LFZip (NLMS) | 10.22 | 23.33 | |

LFZip (NN) | 10.35 | 25.00 |

Dataset | Compressor | Maximum error $\u03f5$ | |
---|---|---|---|

${10}^{-2}$ | ${10}^{-1}$ | ||

pow | SZ | 9.44 | 23.57 |

LFZip (NLMS) | 7.21 | 17.74 | |

LFZip (NN) | 9.29 | 25.38 | |

dna | SZ | 4.45 | 8.67 |

LFZip (NLMS) | 4.46 | 8.40 | |

LFZip (NN) | 4.60 | 8.99 |

Table 4 shows the results for LFZip with a neural network (NN) based predictor. For these experiments, we used a simple fully connected network with 4 hidden layers with 128 neurons each and first layer with 32 neurons, ReLU activation and batch normalization. Only the datasets for which the statistics were stationary over time were used for these experiments so as to allow offline training before compression. The datasets were divided into training, validation and test datasets of equal sizes, and the compression was performed only on the test dataset for all the compressors. For LFZip (NN), offline training was performed using the training and validation datasets for 5 epochs.
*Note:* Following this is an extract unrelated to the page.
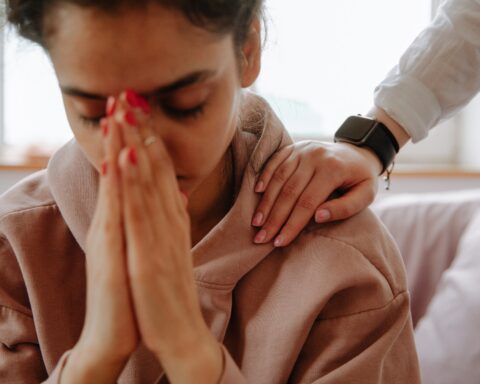 Photo of a young woman with her hands to her face, with a person patting her on the shoulder in a gesture of sympathy. Mental health, visa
During training, uniformly distributed noise in $[-0.05,0.05]$ was added to emulate the quantization noise. No adaptive training was employed during compression as that didn’t seem to provide measurable benefits.
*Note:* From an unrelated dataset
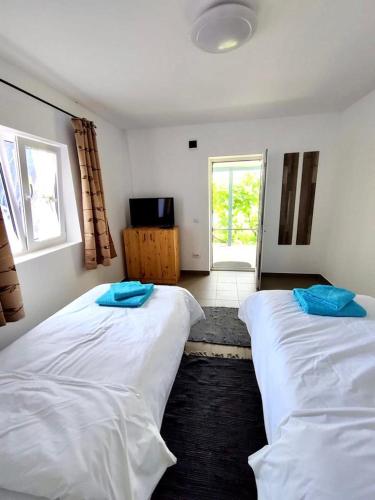 two beds in a room with a room with a window at Casa Anna in Chilia Veche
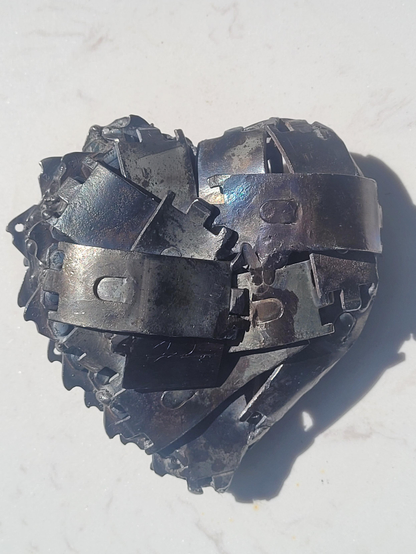 Solide
Un coeur en rebut d'acier fait de morceaux dont je n'ai aucune idée de l'utilité originale. Ce sont tous des morceaux pareils, rectangulaires d'environ 15cm de long x 5 cm de large. D'un côté j'ai mis le contour avec un morceau de scie à chaîne. L'autre côté est d'ailleurs à moitié fait avec des bouts de scie à chaîne. L'autre moitié est faites de clous.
From Table 4, we see that LFZip (NN) improves the result over LFZip (NLMS) and SZ in all cases, except for pow dataset with maximum error ${10}^{-2}$ where it is slightly worse than SZ. This shows that better prediction using stronger NN based models can lead to further improvement in compression for LFZip at the cost of increased computational complexity.
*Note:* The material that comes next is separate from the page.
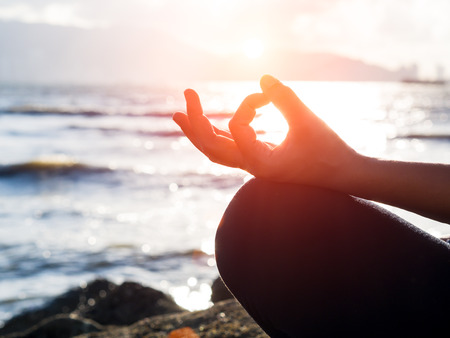 Yoga concept. Closeup woman hand practicing lotus pose on the beach at sunsetの写真素材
### Computational requirements

The experiments were run on an Ubuntu 18.04 server with 2.2 GHz Intel Xeon processors and NVIDIA TITAN X Pascal GPUs. Note that the GPUs were used only during the training phase of the NNs, and the compression with both NLMS and NN predictors was performed on CPU with a single thread to ensure reproducibility and correct decompression. The current implementation of LFZip (NLMS) is written in Python and C++, and achieved a compression/decompression speed of $\sim $2M timesteps/s for univariate time series. This is about an order of magnitude slower than SZ but should be practical for most applications. LFZip (NN) is more computationally expensive with a speed of $\sim $1K timesteps/s for the model used above.

## Conclusion

We propose an error-bounded lossy compressor for multivariate floating-point time series based on the prediction-quantization-entropy coder framework. Using linear and neural network prediction models, the proposed compressor LFZip achieves higher compression ratios than the previous state-of-the-art compressors. Future work includes an optimized implementation for the neural network based framework, extension of the framework to multidimensional datasets and exploration of other predictive models to further boost compression.